During that night on the dunes, and others like it since then, Becker would sneak up on the geckos—lizards in the suborder Gekkota, which includes the only lizards with true vocal cords—partially clothed so that the swish of his pants wouldn’t scare them away. He collected specimens from the Namib Sand Sea in western-central Namibia, where he heard one type of call, and from the nearby gravel plains found on the opposite side of the Kuiseb River, where he heard another.
He sent DNA samples from the geckos out for genetic sequencing. When they didn’t match, he realized they were from distinct species (Ptenopus maculatus and Ptenopus circumsyrticus). He spent several years scooping up even more geckos from other areas of varied terrain in the Namib and Kalahari deserts, working under the hypothesis that separate species might prefer different soils for their burrows.
A male gecko (P maculatus) calls from the entrance of his burrow.
This month Becker––now the chief curator of natural science at the National Museum of Namibia––published a paper in Vertebrate Zoology that revealed that the three species of barking geckos known to inhabit southern Africa are actually nine species. “Some of these species that were previously put together as one species are actually separated by 25 million years of evolution,” Becker says.
But it’s little wonder that these lizards hid under the same species name for so long. Barking geckos leave their burrows so rarely that even farmers who have heard the creatures on their land for decades likely have never seen one. The geckos look so similar that the fleeting glimpses scientists usually get of them are insufficient to tell them apart. Some of them look almost identical, like vermillion-speckled twins.

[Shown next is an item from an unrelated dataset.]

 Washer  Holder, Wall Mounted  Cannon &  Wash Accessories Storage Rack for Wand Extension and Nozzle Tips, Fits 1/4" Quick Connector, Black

That’s why zoologists have shifted away from identifying species based mainly on physical traits and toward using what is called integrative taxonomy, where several pieces of evidence are used to decide on classifying new species, says Aaron Bauer, a gecko expert at Villanova University, who was not involved in the research but was a reviewer for the paper and an examiner on Becker’s Ph.D. committee. “This paper is an excellent example of this, with morphology, color, calls and DNA sequence data all being used to support the authors’ decisions,” Bauer says.
Now that the geckos are properly classified, scientists can more accurately assess their distribution patterns, habitat preferences and physical traits. “Anything we do in biology requires that we understand what species we are talking about,” Bauer says. “We would come to the wrong conclusions if we lumped two or more species under one name.”
Becker and other scientists are keen to ensure barking geckos continue to thrive. “They’re weird and very cute, just an adorable and quite interesting little group,” he says. “I think they deserve a bit of extra attention.”